Pi.scala is a classic starting point for calculating Pi using Montecarlo Estimation.
This is the full, annotated code sample.
//Calculate pi with Monte Carlo estimation import scala.math.random //make a very large unique set of 1 -> n val partitions = 2 val n = math.min(100000L * partitions, Int.MaxValue).toInt val xs = 1 until n //split up n into the number of partitions we can use val rdd = sc.parallelize(xs, partitions).setName("'N values rdd'") //generate a random set of points within a 2x2 square val sample = rdd.map { i => val x = random * 2 - 1 val y = random * 2 - 1 (x, y) }.setName("'Random points rdd'") //points w/in the square also w/in the center circle of r=1 val inside = sample.filter { case (x, y) => (x * x + y * y < 1) }.setName("'Random points inside circle'") val count = inside.count() //Area(circle)/Area(square) = inside/n => pi=4*inside/n println("Pi is roughly " + 4.0 * count / n)
Key points to note:
- import scala.math.random
Importing included packages works just as in the shell, and need only be done once.
- Spark context (sc).
You can access a SparkContext assigned to the variable sc on console startup.
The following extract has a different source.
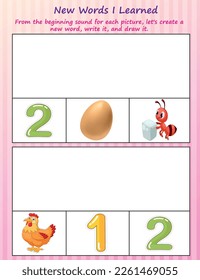 Worksheets for Learning to Write Three-Letter Words, Homeschool, Phonics, Beginning Sounds Worksheets, Logic Literacy Worksheets, Solution tea and hot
val rdd = sc.parallelize(xs, partitions).setName("'N values rdd'")
Example: Read Files from the Cluster Local Filesystem
Use the following command in the terminal to read text from the local filesystem. The file must exist on all nodes, and the same path for the driver and executors. In this example you are reading the file ebay-xbox.csv.
sc.textFile(“file:///tmp/ebay-xbox.csv”)
Example: Using External Packages by Adding Jars or Dependencies
External libraries are handled through line magics. Line magics in the Toree kernel are prefixed with %.
Adding Remote Packages
You can use Apache Toree's AddDeps magic to add dependencies from Maven central. You must specify the company name, artifact ID, and version. To resolve any transitive dependencies, you must explicitly specify the --transitive flag.
%AddDeps org.scalaj scalaj-http_2.11 2.3.0 import scalaj.http._ val response: HttpResponse[String] = Http("http://www.omdbapi.com/").param("t","crimson tide").asString response.body response.code response.headers response.cookies
Adding Remote or Local JARs
You can use the AddJars magic to distribute local or remote JARs to the kernel and the cluster. Using the -f option ignores cached JARs and reloads.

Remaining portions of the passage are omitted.